[Captioned web image data]
++++++
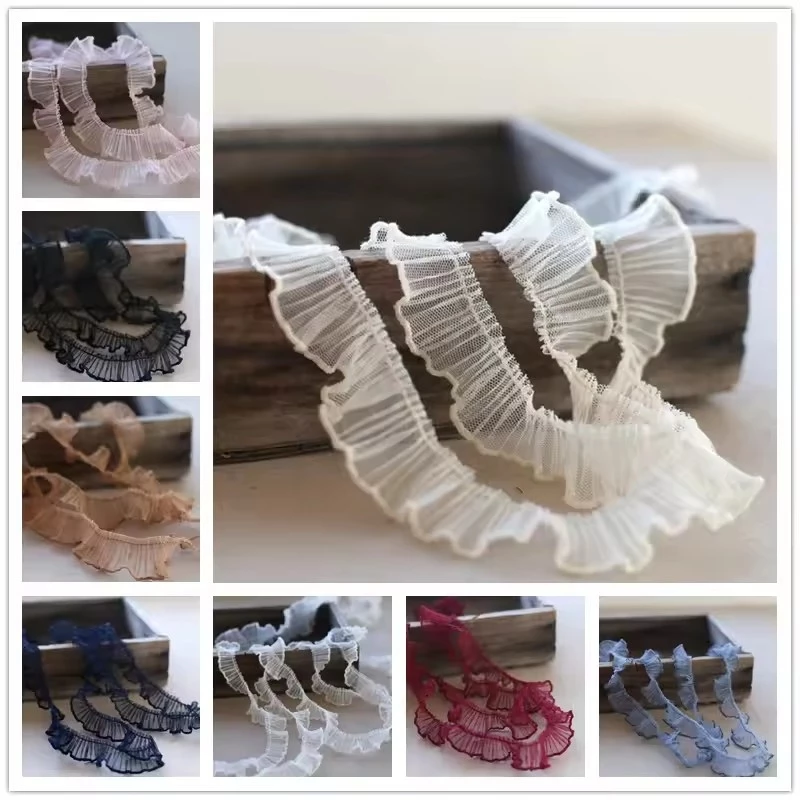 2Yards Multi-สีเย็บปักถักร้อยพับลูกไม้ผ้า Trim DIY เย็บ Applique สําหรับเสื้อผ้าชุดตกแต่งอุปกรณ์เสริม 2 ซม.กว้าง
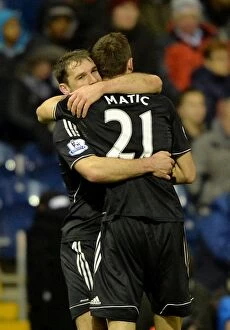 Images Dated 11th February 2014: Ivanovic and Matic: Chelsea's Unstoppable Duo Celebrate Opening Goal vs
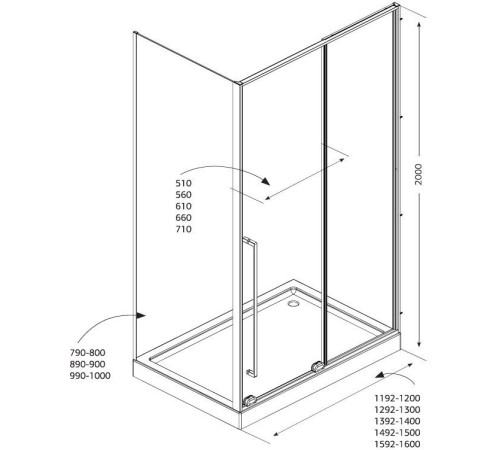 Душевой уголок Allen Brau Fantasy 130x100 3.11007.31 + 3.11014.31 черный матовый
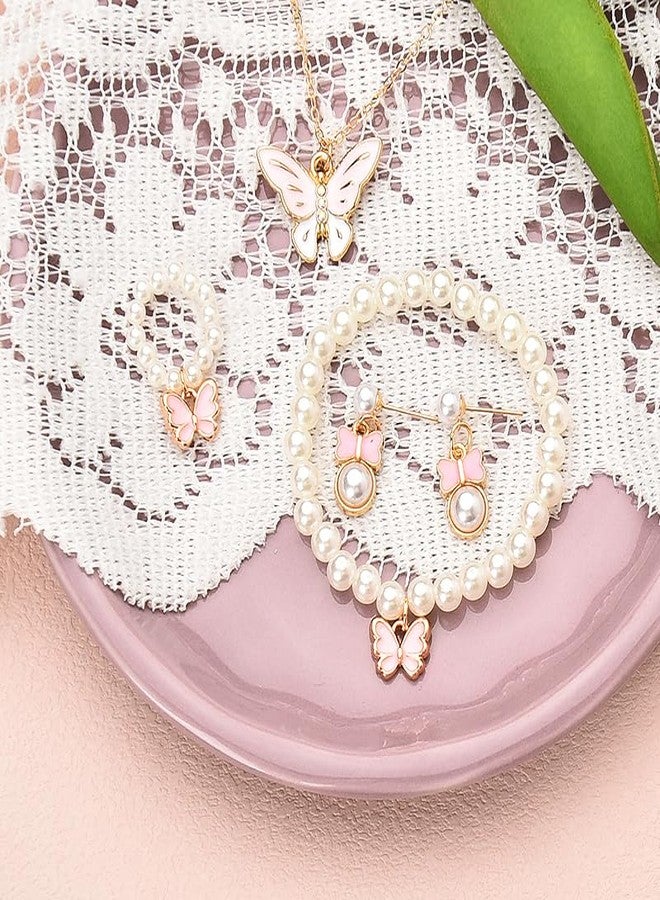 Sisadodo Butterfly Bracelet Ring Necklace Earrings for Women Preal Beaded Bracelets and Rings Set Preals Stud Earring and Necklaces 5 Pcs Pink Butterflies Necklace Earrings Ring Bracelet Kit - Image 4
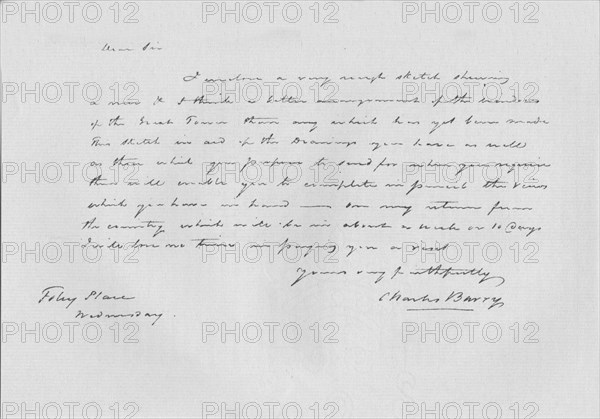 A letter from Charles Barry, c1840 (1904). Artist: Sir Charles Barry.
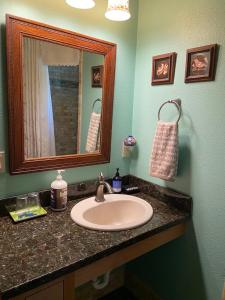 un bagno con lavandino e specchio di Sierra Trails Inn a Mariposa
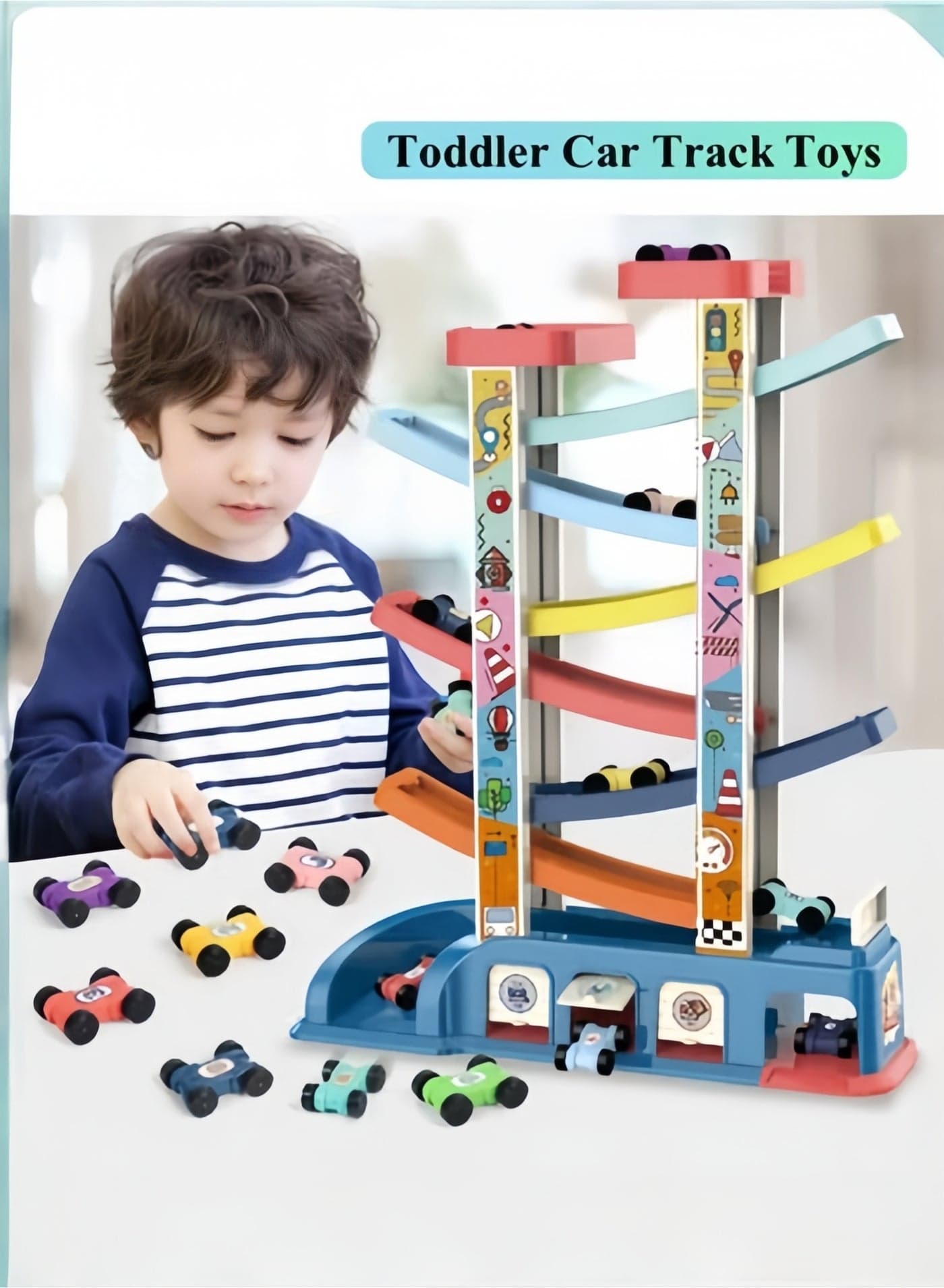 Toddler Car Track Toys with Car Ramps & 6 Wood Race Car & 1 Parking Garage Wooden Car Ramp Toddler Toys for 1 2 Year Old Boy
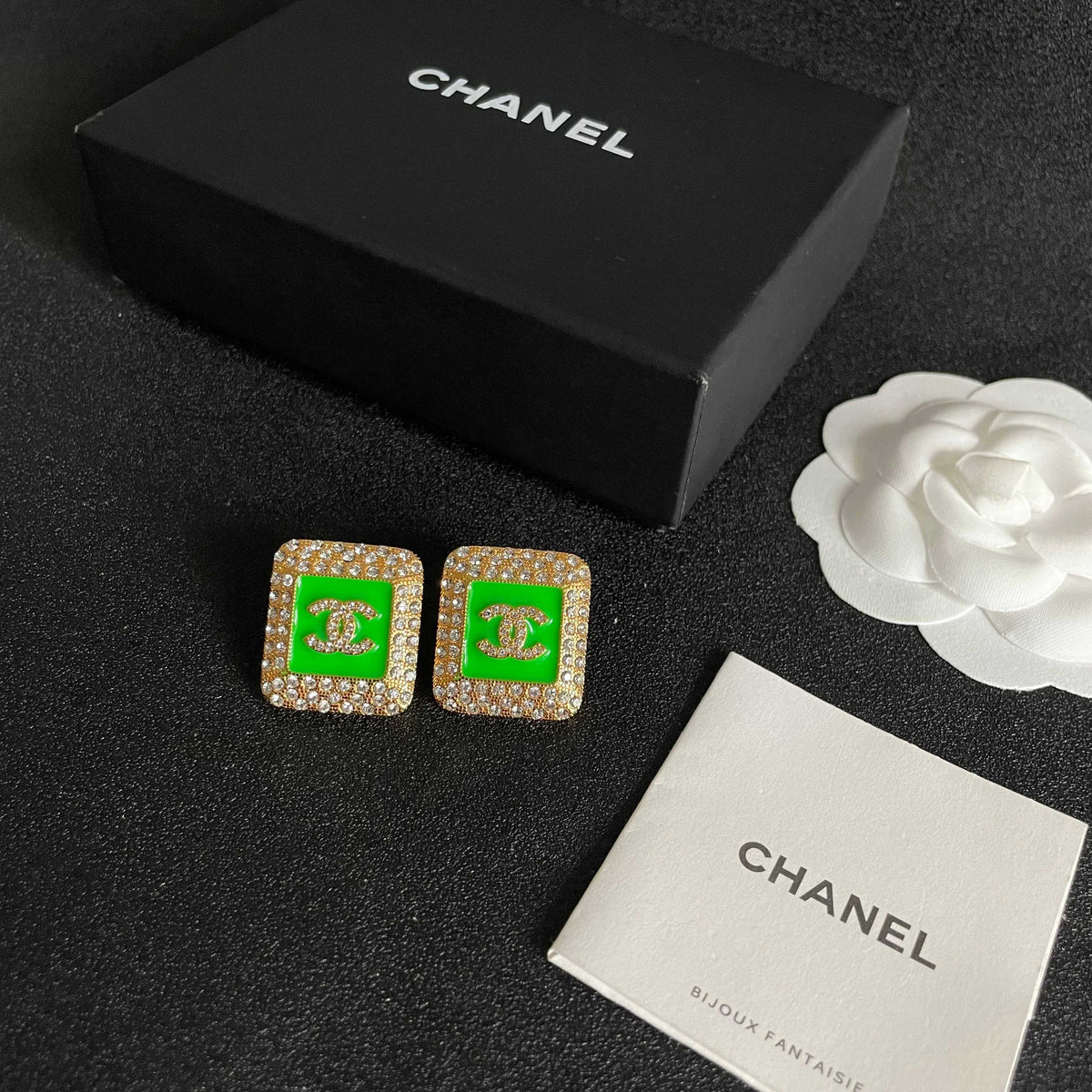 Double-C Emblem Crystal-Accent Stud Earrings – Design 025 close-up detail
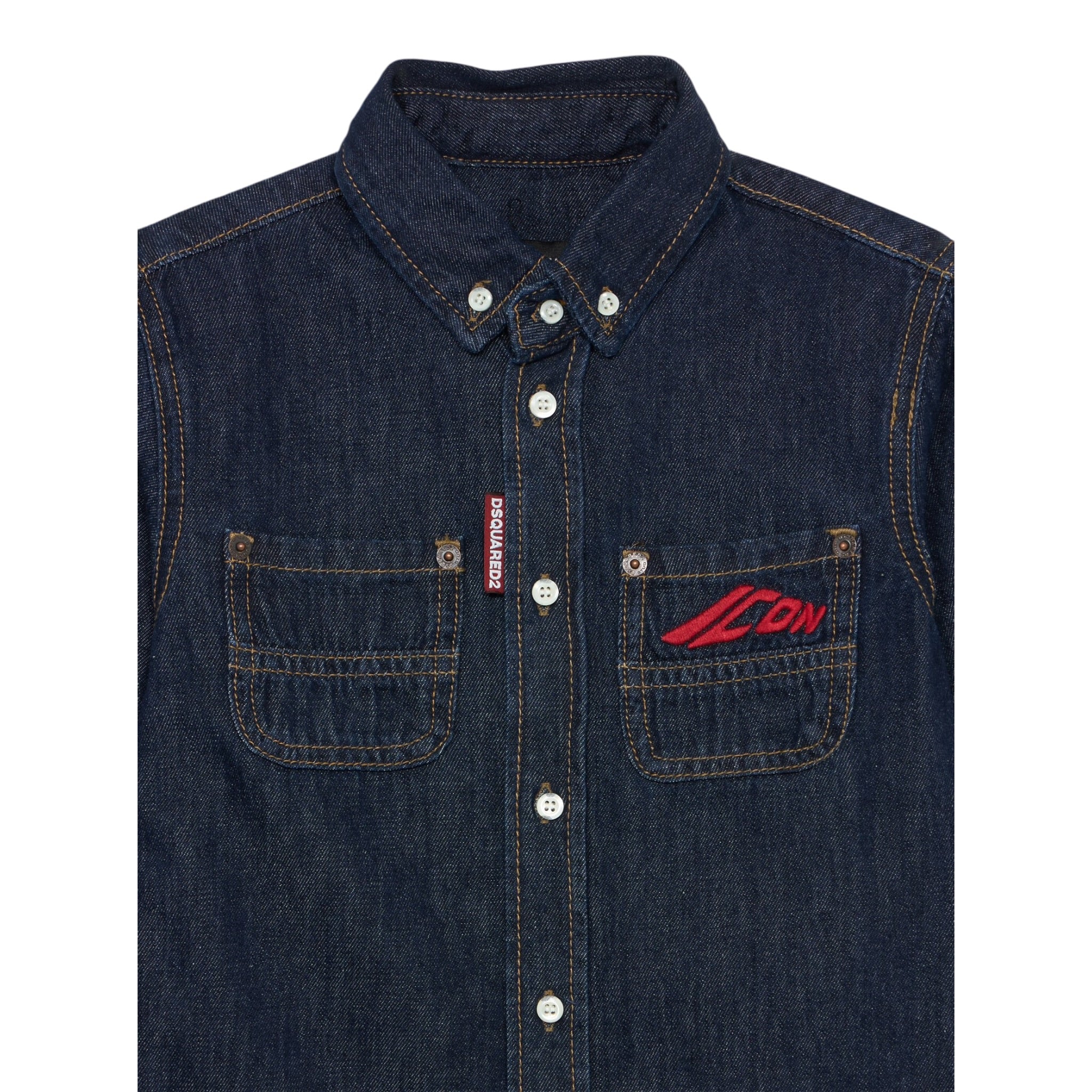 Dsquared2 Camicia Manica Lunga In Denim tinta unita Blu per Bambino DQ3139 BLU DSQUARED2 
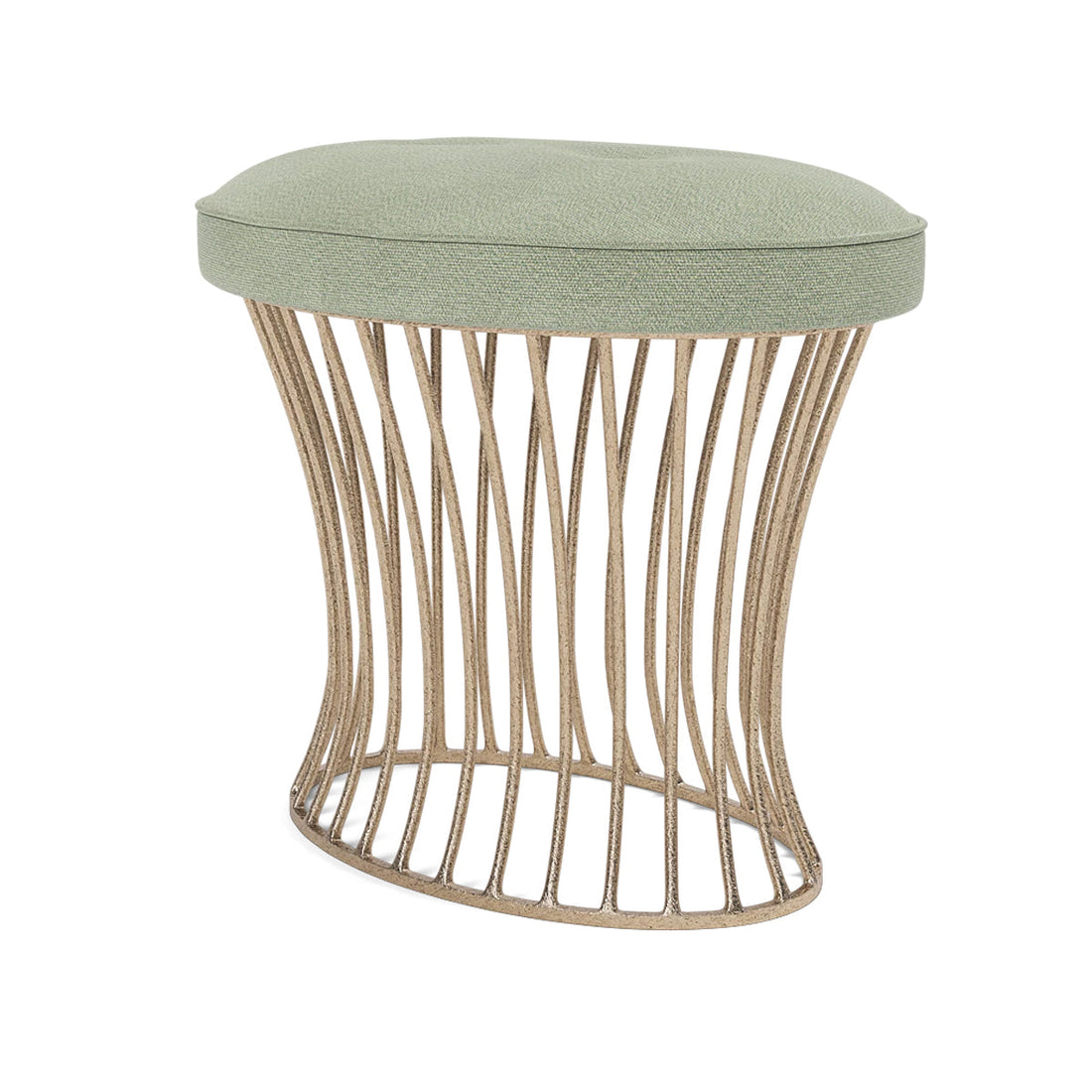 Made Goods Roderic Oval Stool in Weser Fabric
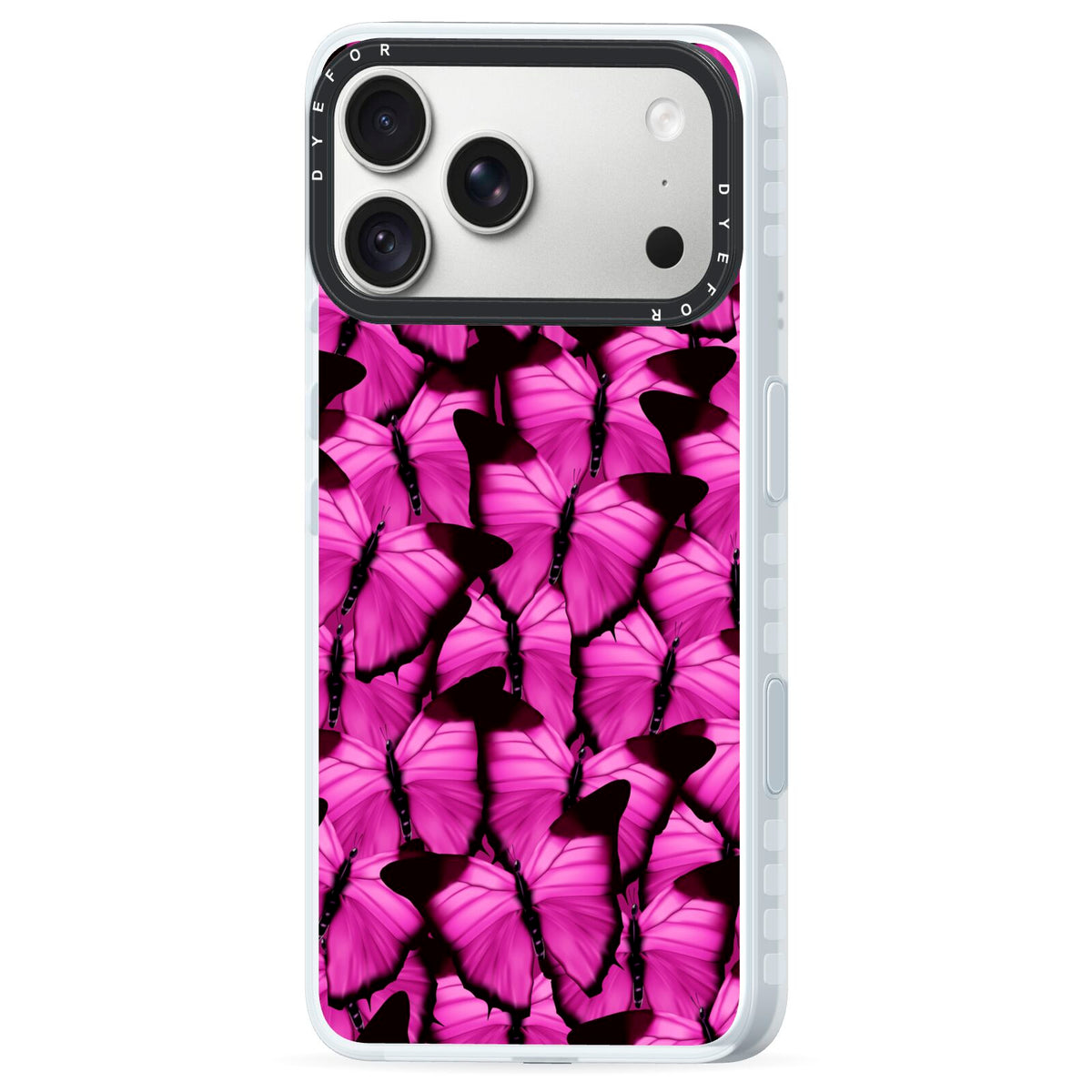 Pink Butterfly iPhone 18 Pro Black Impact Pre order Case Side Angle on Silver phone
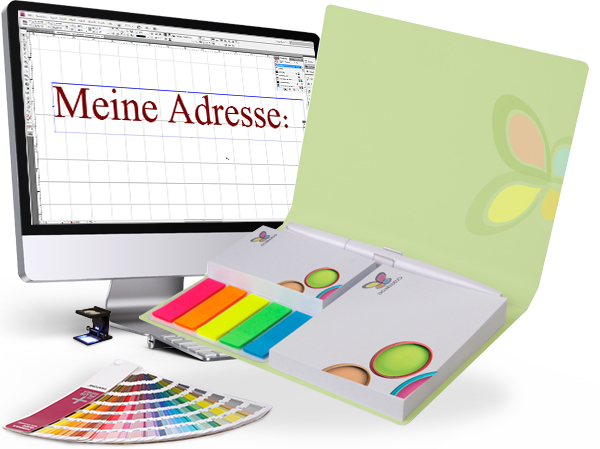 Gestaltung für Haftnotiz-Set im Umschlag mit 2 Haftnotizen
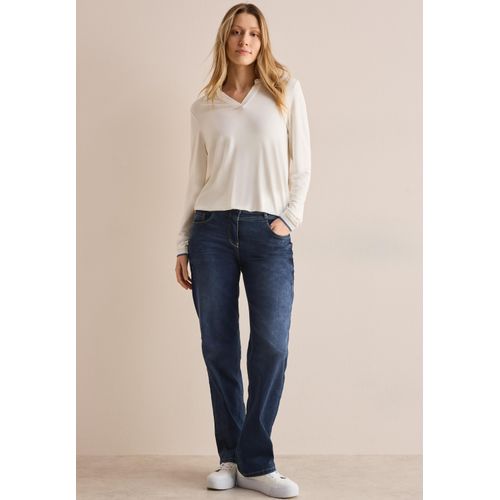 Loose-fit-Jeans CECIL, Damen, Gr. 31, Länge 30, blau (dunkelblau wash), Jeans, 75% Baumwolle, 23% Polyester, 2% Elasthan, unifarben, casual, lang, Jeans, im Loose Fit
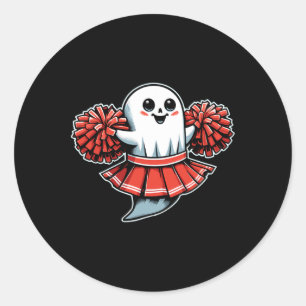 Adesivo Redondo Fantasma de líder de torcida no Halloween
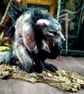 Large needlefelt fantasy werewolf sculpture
++++++
▸ YOUR OBJECTIVE:
Write out exactly and only the lines that run from the start of the data above through the line containing "Душевой уголок Allen", leaving the pictures out.

▸ PROBLEM SOLUTION:
 2Yards Multi-สีเย็บปักถักร้อยพับลูกไม้ผ้า Trim DIY เย็บ Applique สําหรับเสื้อผ้าชุดตกแต่งอุปกรณ์เสริม 2 ซม.กว้าง
 Images Dated 11th February 2014: Ivanovic and Matic: Chelsea's Unstoppable Duo Celebrate Opening Goal vs
 Душевой уголок Allen Brau Fantasy 130x100 3.11007.31 + 3.11014.31 черный матовый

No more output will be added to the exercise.